The collection of a judgment in Texas begins by first obtaining a Final Non-Appealable Judgment against the defendant/debtor. Without a Final Non-Appealable Judgment, the collection process cannot begin. Once a Final Non-Appealable Judgment is obtained, a document entitled Abstract of Judgment is requested from District Clerk, usually from the Post Judgment Division.

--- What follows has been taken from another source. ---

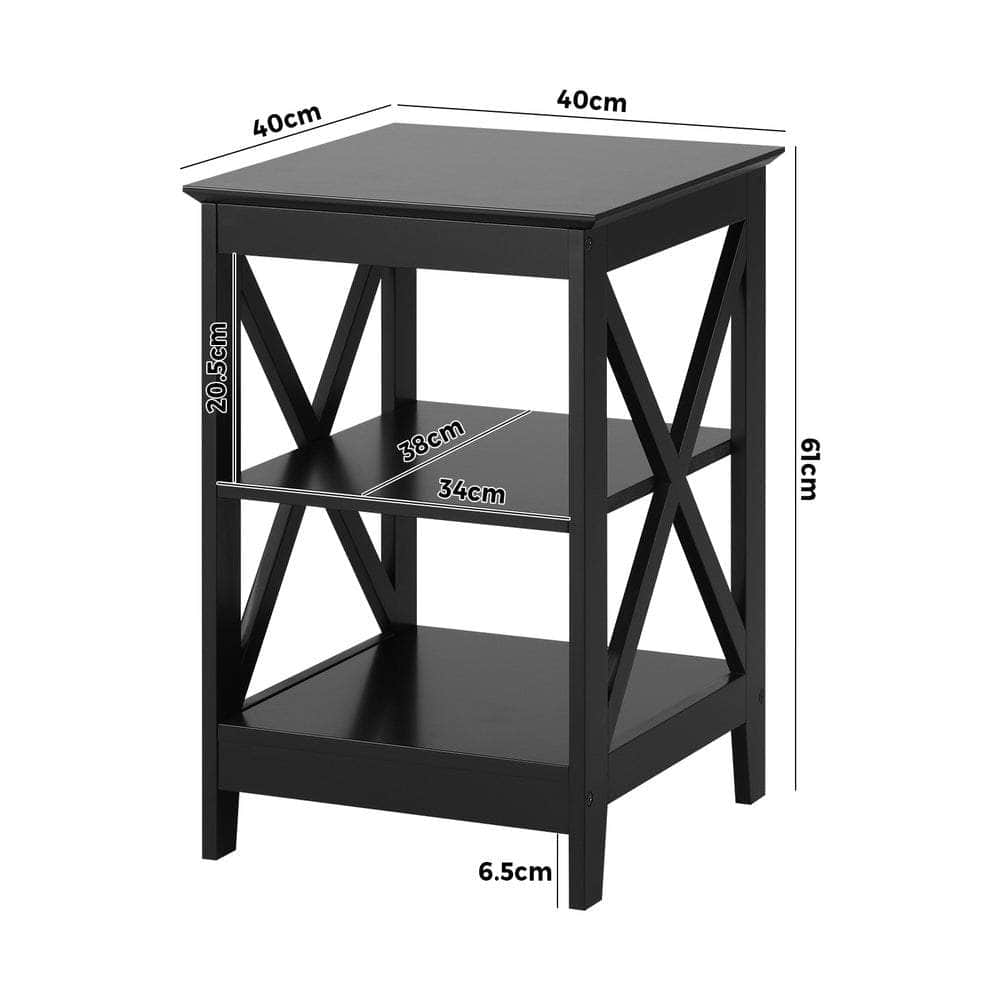 Side Table 3-tier Shelf X-Structured Sides Black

The District Clerk will then issue an Abstract of Judgment. This document allows you to proceed along various courses of the collection. However, the most effective and most reliable means is to file the Abstract of Judgment in the Real Property Records with Real Property Clerk (located within the County Clerk’s Office) of any county in which the defendant/debtor resides or may have property in which the Plaintiff/Creditor may levy upon. This process is called recordation of the judgment in the county Real Property Records. Recordation of the Abstract of Judgment in the county Real Property Records will also alert any title company to the judgment and will cause an interruption in any transfer or sale of real property in that county.

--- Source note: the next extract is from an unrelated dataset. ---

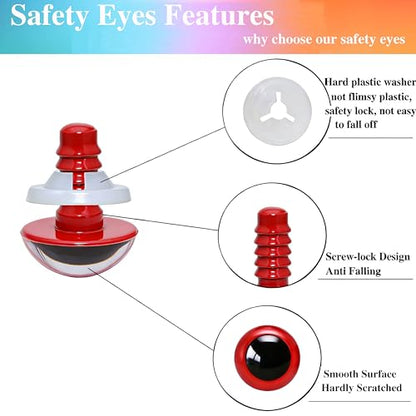 BESTCYC 100pcs 18mm Red Plastic Safety Eyes Craft Eyes with Washers for Amigurumi Dolls Plush Animals DIY Craft Lovers Doll Makers Crochet Craft Supplies - color: Red, size: 18mm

Another means of collection of a judgment in Texas is to execute upon the judgment. This process begins by again starting with a Final Non-Appealable Judgment. Once a Final Non-Appealable Judgment has obtained a Writ of Execution is requested from the District Clerk, this also is usually done through the post-judgment division. Once a Writ of Execution is issued from the District Clerk, you now have a document that directs any Sherriff or Constable to levy any non-exempt property owned by the Defendant/Creditor in the county in which you requested the Writ of Execution. The Writ of Execution is then given to the Sherriff or Constable to be served and executed upon, usually within 90 days from the date of issuance. The Sherriff or Constable then takes the Writ of Execution to the address of the defendant/debtor and begins to levy or seize non-exempt property.

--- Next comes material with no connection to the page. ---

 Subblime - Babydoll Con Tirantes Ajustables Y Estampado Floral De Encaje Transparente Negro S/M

The levy or seizure continues until the amount of the judgment is satisfied, plus all cost incurred by the Sherriff or Constable and storage of any goods to later be auctioned to satisfy the judgment. Therefore, the Sherriff or Constable will usually seize up to three times the face judgment amount.
All of these procedures apply to foreign judgments in Texas as well; however, you first must domesticate the foreign judgment in order to make it a Texas Final Non-Appealable Judgment and proceed with the above collection processes.